Medical coverage is typically the most critical service for relative caregivers. A Louisiana worker noted that it was often more of a concern than the child-only TANF grant. The worker added that the relative will say, "I don't really need this but I need the Medicaid for the child." Staff in a Washington local office reported that they typically could arrange immediate Medicaid coverage for relative caregiver cases.
In Maryland, Oklahoma, and Washington, all children who receive child-only TANF payments are automatically covered by Medicaid. To receive medical coverage in Louisiana under KCSP or through kinship care in Wisconsin, the relative caregiver must contact a separate human service office, which is in charge of applications for Medicaid and the State Children's Health Insurance Program (SCHIP).
In Wisconsin, children in relative care receive Medicaid managed care, while children in foster care receive fee-for-service Medicaid. This situation creates challenges for children who transition from foster care to relative care. Because not all providers accept Medicaid managed care, children may need to change providers, especially for mental health care.
Well-child visits, vision and hearing screening, dental services and mental health services are covered by Medicaid under the Early and Periodic Screening, Diagnosis, and Treatment (EPSDT) program. Few children are insured privately by their caregivers. Relative caregivers voiced complaints commonly heard among Medicaid populations regarding the dearth of providers in certain specialties, including psychiatrists, dentists, and orthodontists. As a Wisconsin grandmother noted, "This [Medicaid] service is very lacking. There are not doctors or dentists available that can provide services. Even if you have medical assistance, you can't get services for the kids."
Across the five states, informants noted that children in relative care often had distinct mental health needs.

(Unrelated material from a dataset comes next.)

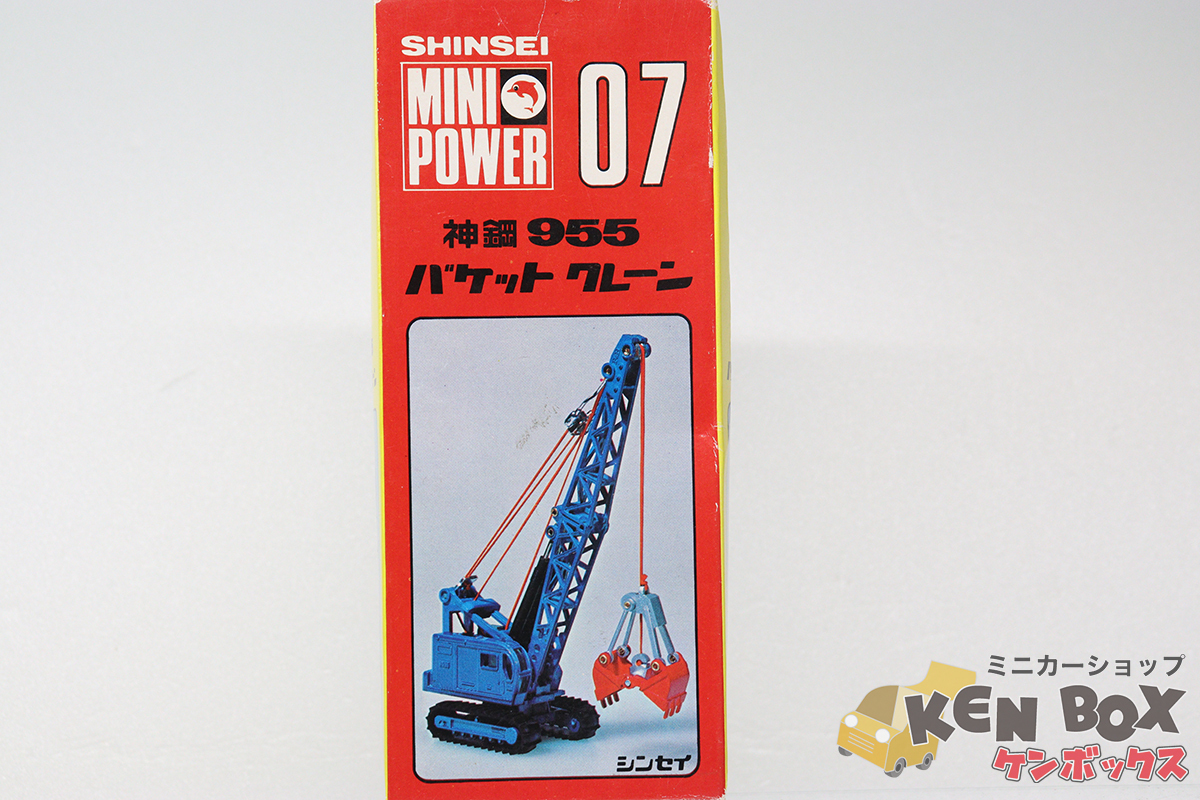 Miniature Shinsei Mini Power N°4318 - Camion Frigorifique Mercedes-Benz - Échelle 1/60 - Bleu/Gris - 1970 - Japon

Unlike children in TANF households, children in TANF cases with relative caregivers are typically separated from their parents because their parents were incarcerated, abused alcohol and/or drugs, or their whereabouts were unknown. These children often have long-term issues stemming from sexual abuse, exploitation, and separation and attachment disorders, requiring counseling and therapy.

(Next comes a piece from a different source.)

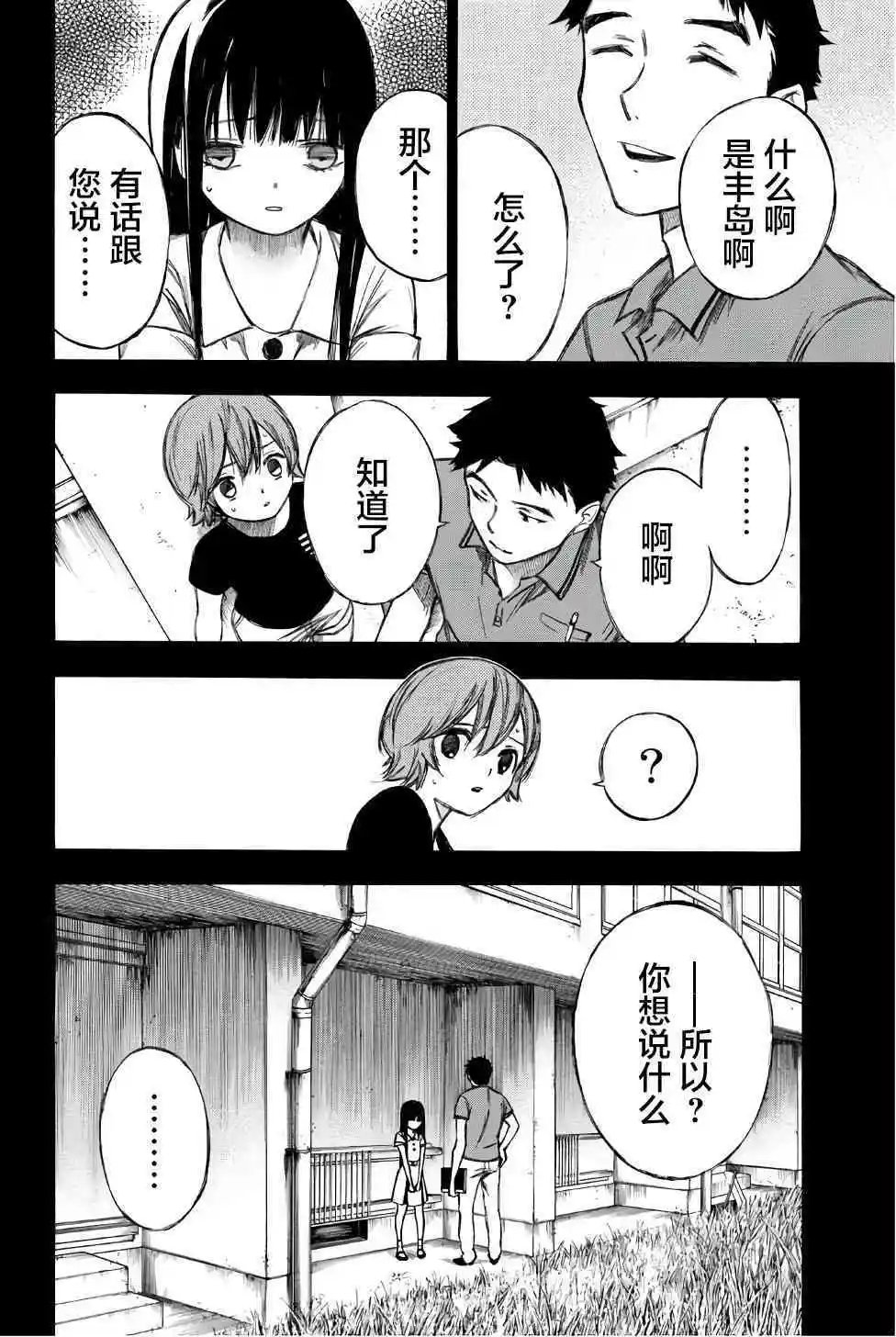 第86话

Informants noted that many relative caregivers lack the skills necessary to identify children's needs and locate appropriate services. Caregivers who lack knowledge of available services and who have no experience with maneuvering the Medicaid and welfare systems to receive needed services have particular difficulties.

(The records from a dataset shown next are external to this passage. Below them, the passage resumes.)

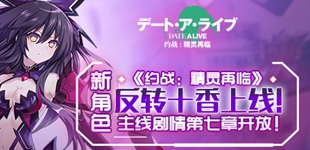 Լս�������ٷ�תʮ������ ���߾����������ʽ����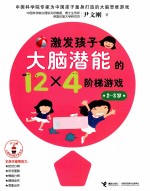 激发孩子大脑潜能的12×4阶梯游戏 2-3岁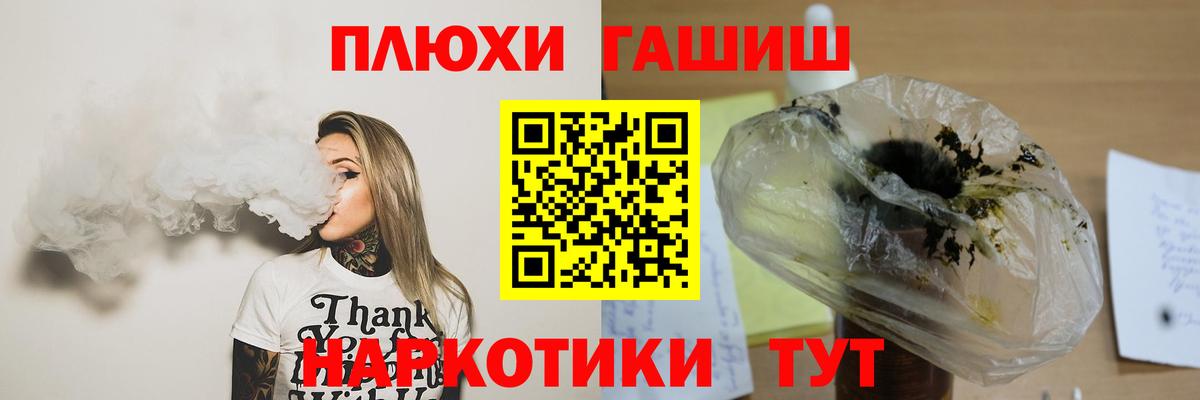 Гашиш Premium Медногорск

|"Relatives have no recourse, unless they're pretty savvy to the system."
Child Welfare Worker, Washington
Although many informants reported that mental health and counseling services were needed, several factors limited access to treatment. These factors include a lack of providers who accept Medicaid, a lack of providers who provide quality care, long waiting times for appointments, and insufficient treatment for children's needs. These issues are further exacerbated for children living in rural areas where there is a lack of providers generally, children living with caregivers who lack transportation, and children in managed care.